Work required ▸ Copy exactly the lines of the data below, beginning with the line with "Source Code Website Company Profile IT" and ending with the line with "DKNY PU Leather". Pictures are to be omitted.

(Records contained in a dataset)
-=-=-

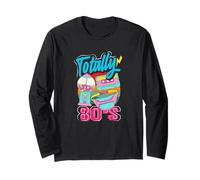 Casete Retro Vintage de Regreso a los 80 Totally 80's Manga Larga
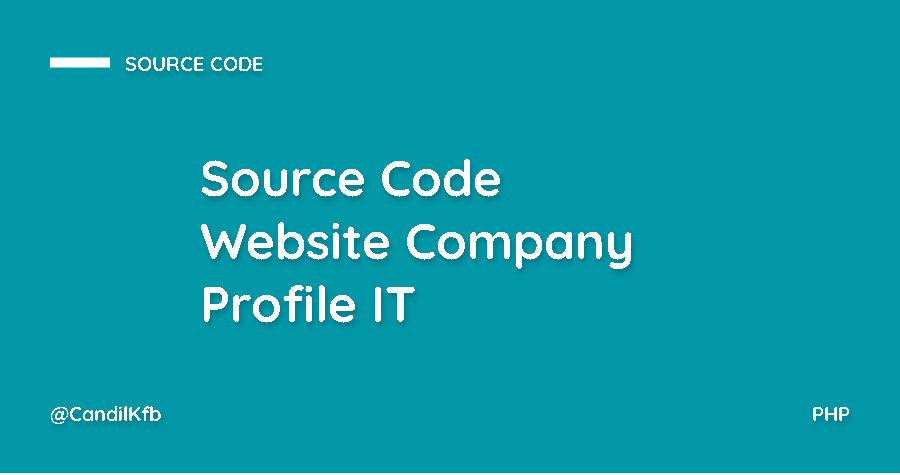 Source Code Website Company Profile IT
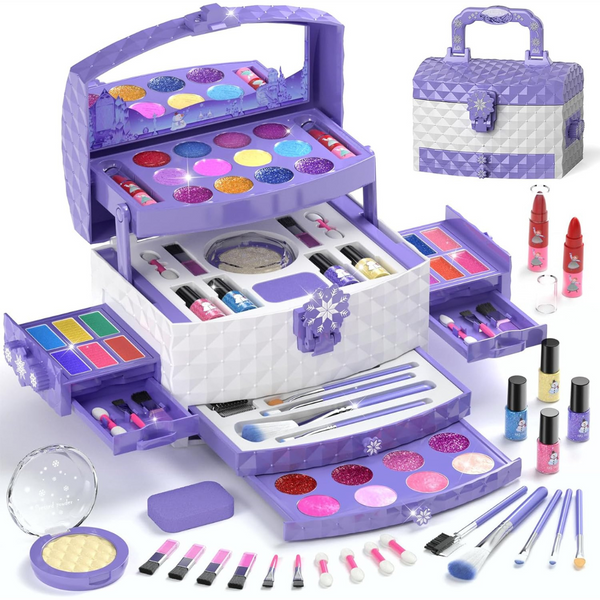 56-Pieces Kids Washable Non-Toxic Makeup Set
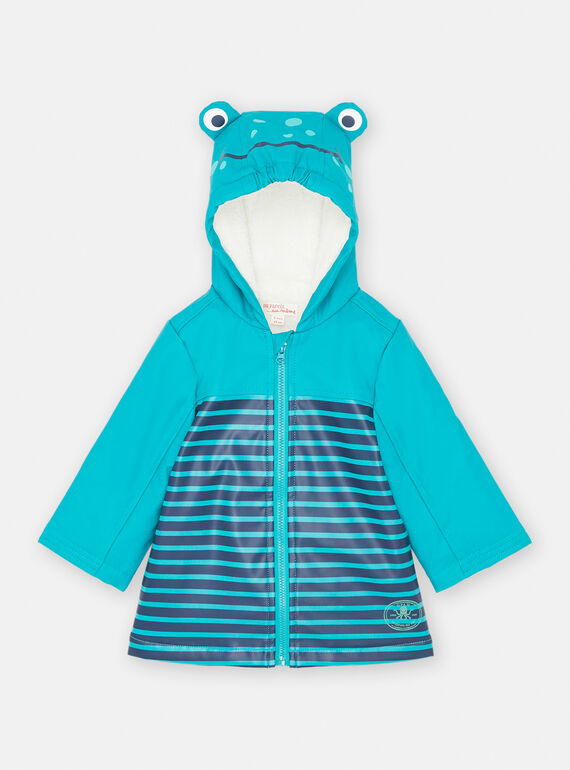 Baby boy blue striped raincoat SUGROIMP2 / 23WG10D3IMP608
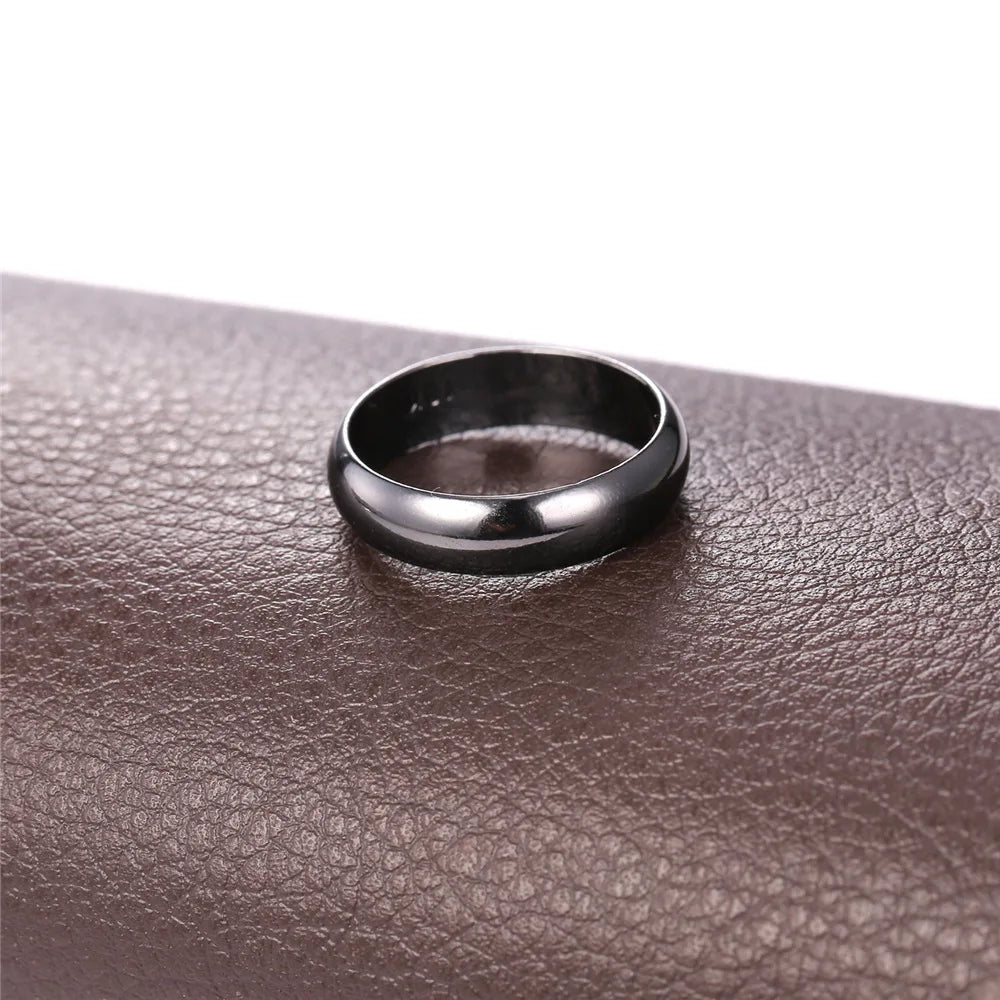 ChainsPro 5mm Einfache Plain Flache Ringe für Mann Frau Hochzeit Marke Klassische Retro Vintage Stil Unisex Täglichen Schmuck QC24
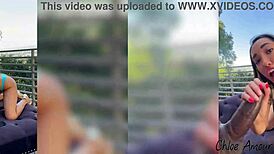 bbc makes latina chloe amour orgasm rough in outdoor trees with troy francisco 😍.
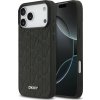 DKNY PU Leather Grid Pattern Magsafe Zadný Kryt pre iPhone 17 Pro Max Black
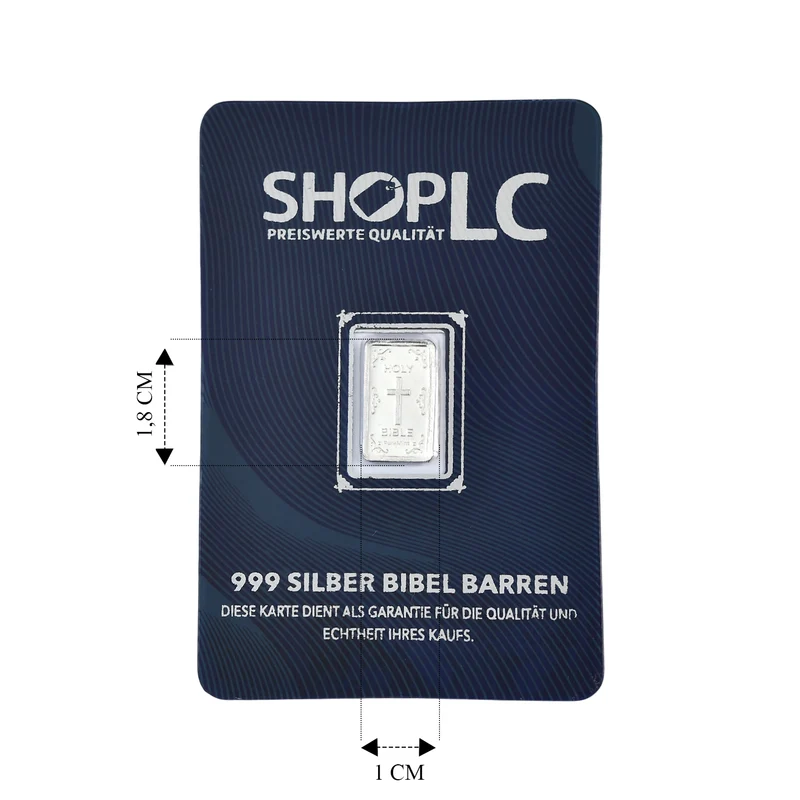 999er Silber-Barren, Bibel-Motiv, 1 Gramm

-=-=-

Task output ▸
 Source Code Website Company Profile IT
 56-Pieces Kids Washable Non-Toxic Makeup Set
 Baby boy blue striped raincoat SUGROIMP2 / 23WG10D3IMP608
 ChainsPro 5mm Einfache Plain Flache Ringe für Mann Frau Hochzeit Marke Klassische Retro Vintage Stil Unisex Täglichen Schmuck QC24
 bbc makes latina chloe amour orgasm rough in outdoor trees with troy francisco 😍.
 DKNY PU Leather Grid Pattern Magsafe Zadný Kryt pre iPhone 17 Pro Max Black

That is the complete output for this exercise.